2. Die weiter gehende Revision wird verworfen.
Das Landgericht hat den Angeklagten wegen gefährlicher Körperverletzung zu einer Freiheitsstrafe von zwei Jahren und sechs Monaten verurteilt und eine Einziehungsentscheidung getroffen. Gegen dieses Urteil wendet sich der Angeklagte mit seiner allgemein auf die Verletzung sachlichen Rechts gestützten Revision.
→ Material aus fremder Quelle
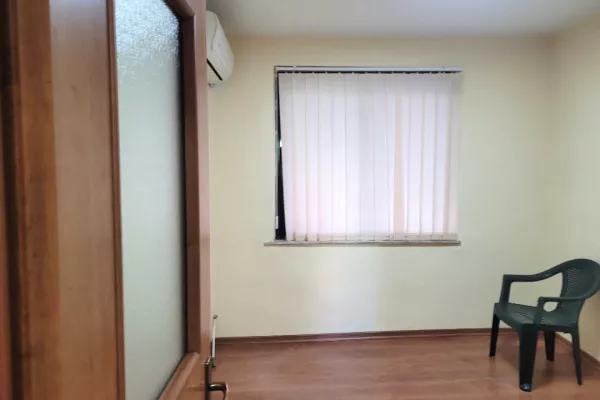 Apartment for rent in Tirana 2+1, Emty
Das Rechtsmittel hat den aus der Entscheidungsformel ersichtlichen Teilerfolg; im Übrigen ist es unbegründet im Sinne des § 349 Abs. 2 StPO.
1. Die Nachprüfung des angefochtenen Urteils hat zum Schuldspruch keinen Rechtsfehler zum Nachteil des Angeklagten ergeben.
2. Hingegen hat der Strafausspruch keinen Bestand.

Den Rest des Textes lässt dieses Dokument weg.